Al-Masry: How does Azza Fahmy deal with replication?
Fahmy: My old calligraphy designs were a hit for the last 30 years; 15 years ago, other designers started using the same words but not the same designs. A friend of mine was once buying a present from Khan el-Khalili and she was told by one of the silver shop owners that Azza Fahmy saved the silver industry in Egypt as they still replicated my old designs. However, my new designs are not copied.
Al-Masry: What inspired this new collection?
Fahmy: Lace…I acquired a sample from Justin and Thea and used the same patterns on metal. The irregular carved metal later opened way to a greater flow of ideas.
Al-Masry: And what inspired the Preen new collection?
Thornton: Everything…films, music, art and current affairs; we try not to follow an existing trend and we do what we feel is right. Sometimes small unexpected accidents happen during the design process and they take the design to a totally different level…we appreciate those little accidents.
Bregazzi: We also go through hundreds of samples and sort between many prototypes…it is a backward forward process.
Al-Masry: Is it hard to be partners in life and in business?
Thornton: No, on the contrary it has worked well for us. We travel a lot and we are always together…it is nice.
Bregazzi: And on the business side, we give each other insight and help each other find the most suitable answer. As a woman I know what suits a woman’s body and that is much better than creating a design on a mannequin.
Al-Masry: It is also a family business for Azza Fahmy…was that Fatma and Amina’s choice?
Fahmy: Yes…they have been running around with me since they were little; we visited desserts, oases, workshops and exhibitions together. The business is implanted within them. For instance, Amina wanted to be a jewelry designer since she was in high school although she only had one art class. Fatma preferred the business side of it and thank god for that because this is the part I hate the most.

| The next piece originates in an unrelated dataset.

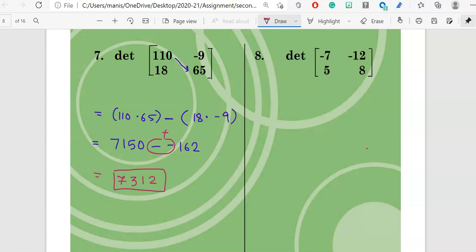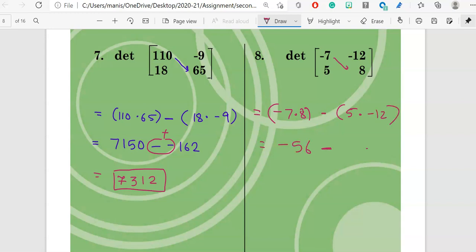Now let's look at another problem using the same process. This is negative 7 times 8, minus sign, then 5 times negative 12. This gives negative 56, minus negative 60 — the minus and negative changes to a plus sign. With two different signs you subtract, and the answer is positive 4.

Al-Masry: What fabrics did you use for this collection?
Thornton: We used silk, textured and embroidered fabrics, Kashmir, French lace, shaved fur and floral silk which may feel summery but we have noticed that young English women use their summer dresses in winter matched with tights and a coat.
Bregazzi: Yes indeed the seasons are mixing up and we try not to do the obvious.

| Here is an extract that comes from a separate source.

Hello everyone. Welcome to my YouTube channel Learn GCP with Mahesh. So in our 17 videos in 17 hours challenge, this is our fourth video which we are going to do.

Al-Masry: How do you expect the foreign market to react to the new collection of jewelry?
Thornton: People in the UK and the US are looking for the new and they are familiar with Fahmy’s work. This last collaboration is bringing the attention back again on the brand. We expect the collection to be a success especially in the United States.

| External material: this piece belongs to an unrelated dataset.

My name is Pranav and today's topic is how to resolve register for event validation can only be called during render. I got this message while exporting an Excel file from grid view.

Bregazzi: The collection is trendy and any of the pieces could be paired with a little black dress for instance to give it a spark…so I believe it will be well received.
Al-Masry Al-Youm Also met with Fatma Ghaly, managing director of AzzaFahmy.
Al-Masry: What are the pros and cons of collaborating with foreign fashion houses?
Ghaly: There are no cons I believe, but one can be careful and make sure that the process is smooth for both partners.
Al-Masry: What is Azza Fahmy’s marketing strategy?
Ghaly: PR is one of our greatest tools…
Al-Masry: What are the obstacles you face in this business?
Ghaly: Expansion…there is lots of potential out there but the financial capabilities to expand are not always available.
Al-Masry: Some people believe that Azza Fahmy’s products are overpriced; what do you think?
Ghaly: I disagree. Most of our products, except for the limited edition line, is within the middle price range. Azza Fahmy is a brand that grew with the people; but the problem is that some are used to our price range 30 years ago and this is impossible since times have changed and our business is growing. We now have more stores and more employees than before.